▸ **Material for this exercise**
+ + + + +
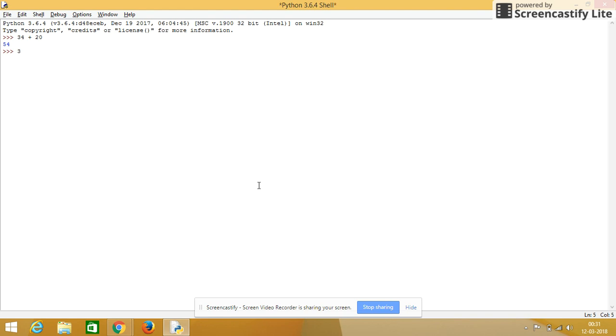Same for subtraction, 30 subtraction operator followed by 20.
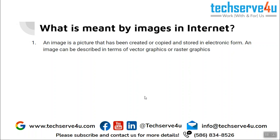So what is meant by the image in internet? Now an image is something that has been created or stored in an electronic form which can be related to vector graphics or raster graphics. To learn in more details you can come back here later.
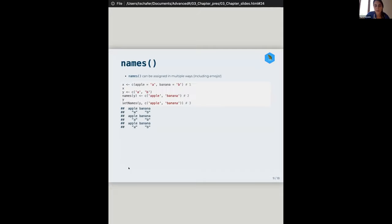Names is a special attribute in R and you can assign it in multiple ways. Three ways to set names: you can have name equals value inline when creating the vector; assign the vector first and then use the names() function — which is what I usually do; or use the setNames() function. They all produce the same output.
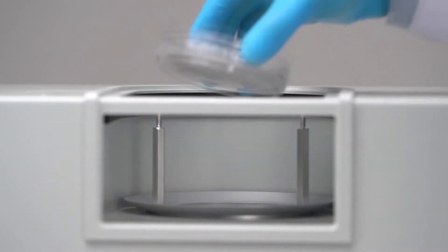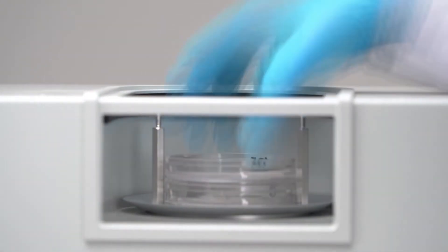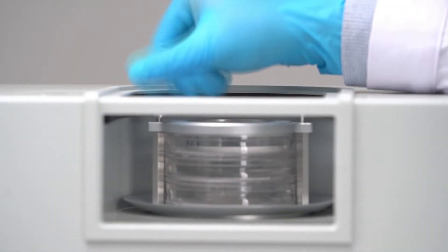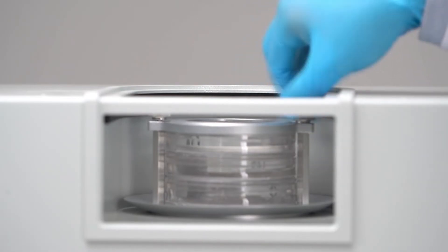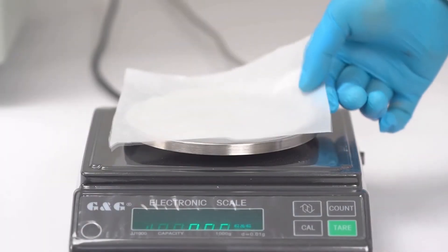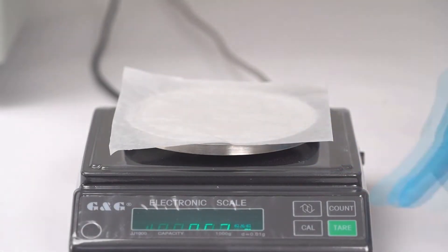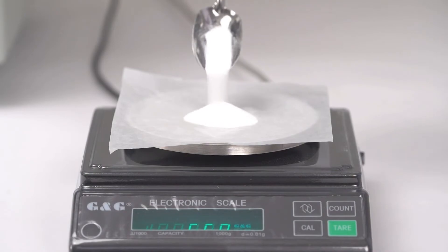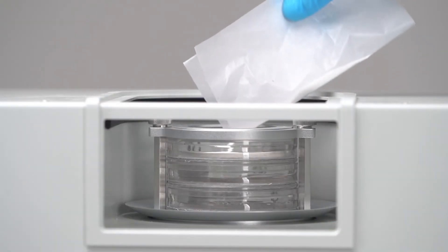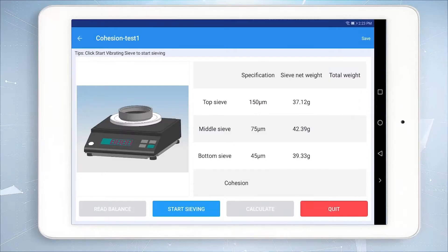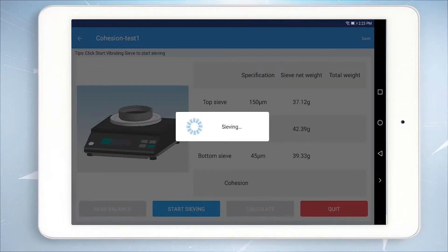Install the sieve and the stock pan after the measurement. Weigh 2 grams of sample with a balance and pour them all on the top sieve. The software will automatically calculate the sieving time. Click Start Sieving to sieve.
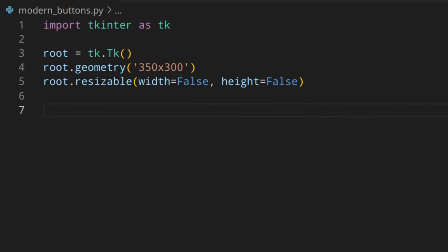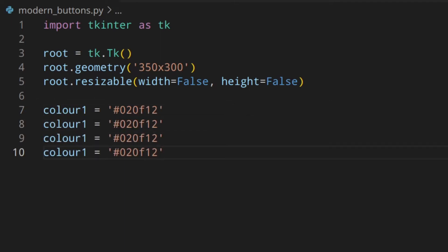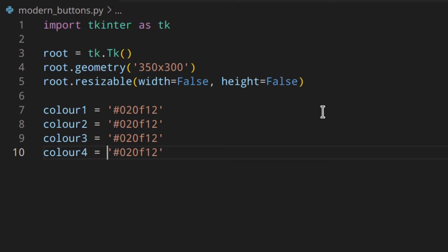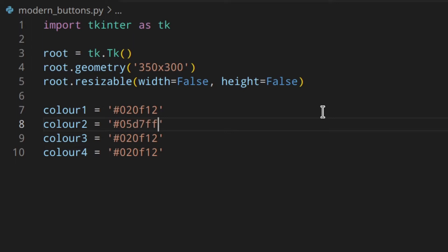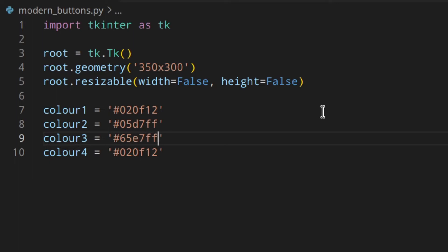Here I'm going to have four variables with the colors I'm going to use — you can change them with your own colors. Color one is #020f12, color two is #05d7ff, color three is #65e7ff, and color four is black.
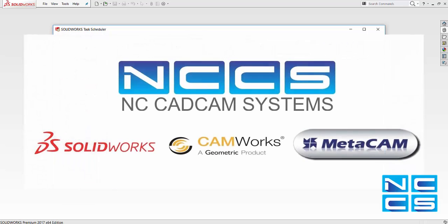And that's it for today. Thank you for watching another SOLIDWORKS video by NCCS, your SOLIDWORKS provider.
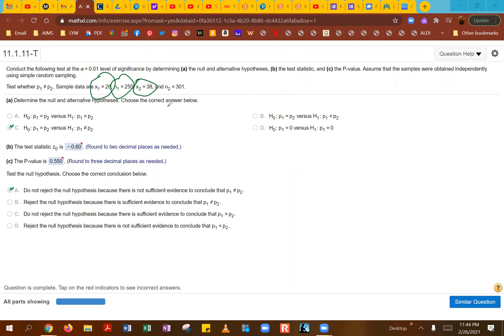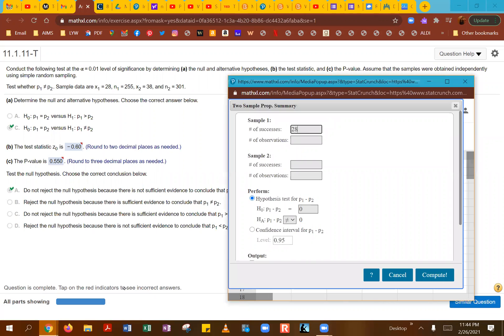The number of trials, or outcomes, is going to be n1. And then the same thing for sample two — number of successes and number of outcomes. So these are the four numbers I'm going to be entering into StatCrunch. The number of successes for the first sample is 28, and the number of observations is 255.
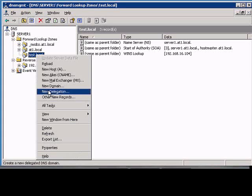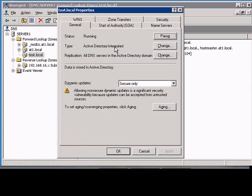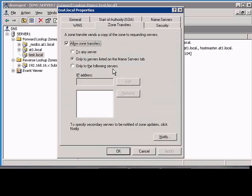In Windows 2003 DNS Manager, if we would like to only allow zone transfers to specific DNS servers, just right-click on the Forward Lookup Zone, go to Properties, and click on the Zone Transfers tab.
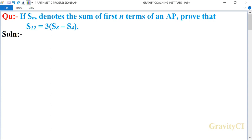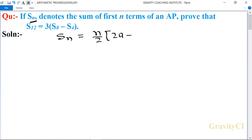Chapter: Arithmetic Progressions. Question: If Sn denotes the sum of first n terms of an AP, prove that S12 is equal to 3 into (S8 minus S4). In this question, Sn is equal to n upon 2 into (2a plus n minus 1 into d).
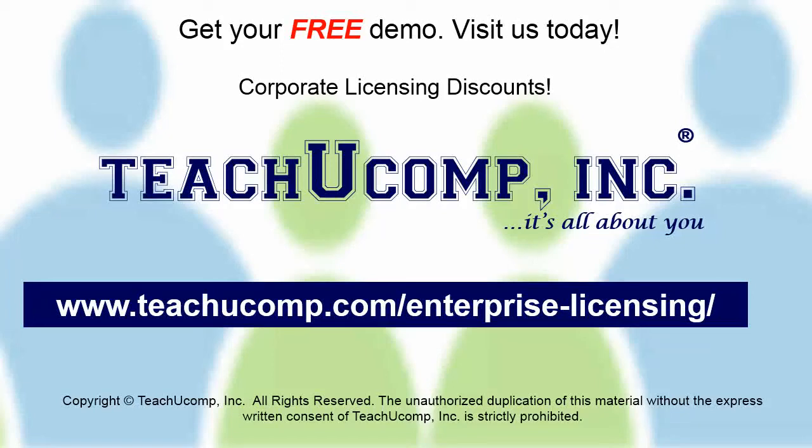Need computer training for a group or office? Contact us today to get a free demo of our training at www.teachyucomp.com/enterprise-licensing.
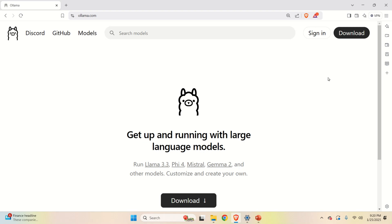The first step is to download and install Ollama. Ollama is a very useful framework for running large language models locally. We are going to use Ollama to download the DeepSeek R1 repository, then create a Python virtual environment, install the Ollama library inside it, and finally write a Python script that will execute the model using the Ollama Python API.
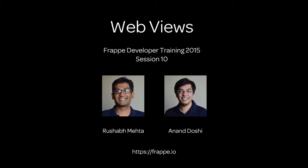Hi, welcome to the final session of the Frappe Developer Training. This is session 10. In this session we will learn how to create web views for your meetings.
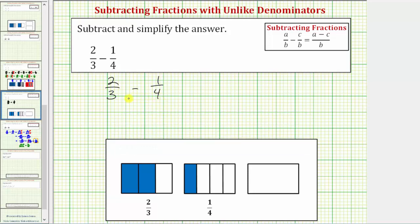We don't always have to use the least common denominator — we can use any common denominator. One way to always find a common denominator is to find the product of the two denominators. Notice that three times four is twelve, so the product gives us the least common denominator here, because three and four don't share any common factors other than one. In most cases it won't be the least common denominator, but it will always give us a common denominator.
+ + + + +
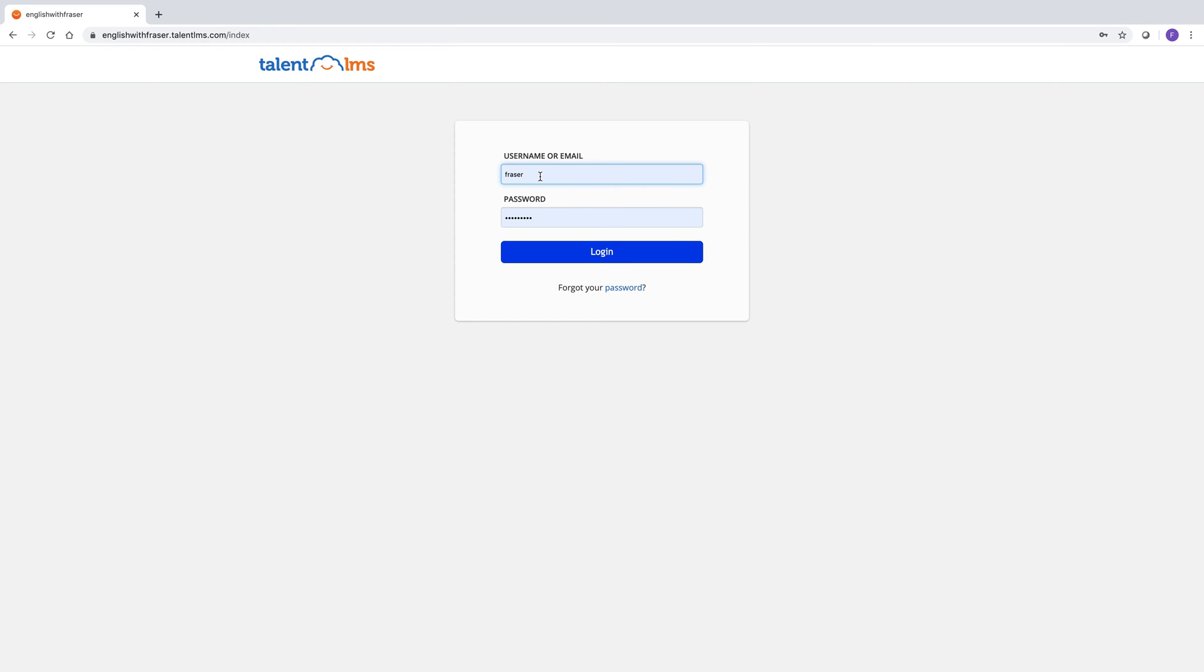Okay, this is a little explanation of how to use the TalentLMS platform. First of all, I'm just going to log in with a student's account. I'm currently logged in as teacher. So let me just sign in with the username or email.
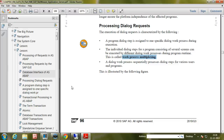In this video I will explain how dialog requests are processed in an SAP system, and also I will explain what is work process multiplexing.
+ + + + +
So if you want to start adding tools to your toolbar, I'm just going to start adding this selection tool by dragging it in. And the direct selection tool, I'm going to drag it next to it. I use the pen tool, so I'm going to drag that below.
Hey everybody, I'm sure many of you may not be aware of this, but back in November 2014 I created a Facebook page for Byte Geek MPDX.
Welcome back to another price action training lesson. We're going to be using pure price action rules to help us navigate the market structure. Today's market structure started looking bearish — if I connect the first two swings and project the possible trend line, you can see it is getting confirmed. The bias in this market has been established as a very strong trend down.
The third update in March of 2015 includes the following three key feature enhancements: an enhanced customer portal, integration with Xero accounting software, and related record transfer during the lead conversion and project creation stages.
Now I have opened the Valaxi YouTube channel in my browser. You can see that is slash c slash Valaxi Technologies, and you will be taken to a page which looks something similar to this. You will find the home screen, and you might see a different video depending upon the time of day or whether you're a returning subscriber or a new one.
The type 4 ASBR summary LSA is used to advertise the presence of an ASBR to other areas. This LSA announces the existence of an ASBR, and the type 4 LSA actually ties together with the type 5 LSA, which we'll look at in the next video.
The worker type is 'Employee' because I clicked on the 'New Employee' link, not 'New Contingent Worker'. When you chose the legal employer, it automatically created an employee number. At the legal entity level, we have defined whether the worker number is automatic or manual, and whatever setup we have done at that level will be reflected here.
+ + + + +
Each line between the one holding "And that's it" and the one holding "The number of trials, or", inclusive, should be copied exactly as it appears above, and pictures should be omitted.

And that's it for today. Thank you for watching another SOLIDWORKS video by NCCS, your SOLIDWORKS provider.
The number of trials, or outcomes, is going to be n1. And then the same thing for sample two — number of successes and number of outcomes. So these are the four numbers I'm going to be entering into StatCrunch. The number of successes for the first sample is 28, and the number of observations is 255.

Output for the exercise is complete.